§ Data section:
__________________________________________________
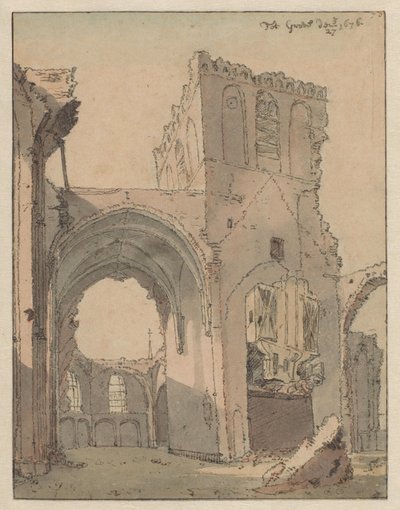 La ruina de la Grote Kerk en Grave de Valentijn Klotz (attributed to)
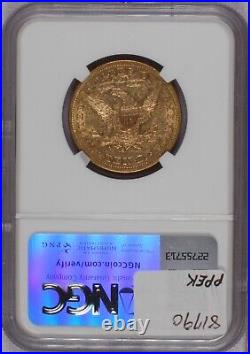 1878-S Gold Liberty Head $10 NGC AU53. Low mintage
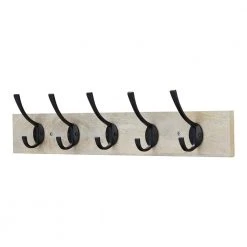 Home Decorators Collection 27 in. Solid Wood Hook Rack with 5 Iron Hooks -Flora Home Decorators Soldes natural wood home decorators collection hooks 64311 40 1000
__________________________________________________
§ Problem details: Set down nothing but the lines from the one containing "1878-S Gold Liberty" to the final line above, both included, with every picture left out.

§ Result below:
 1878-S Gold Liberty Head $10 NGC AU53. Low mintage
 Home Decorators Collection 27 in. Solid Wood Hook Rack with 5 Iron Hooks -Flora Home Decorators Soldes natural wood home decorators collection hooks 64311 40 1000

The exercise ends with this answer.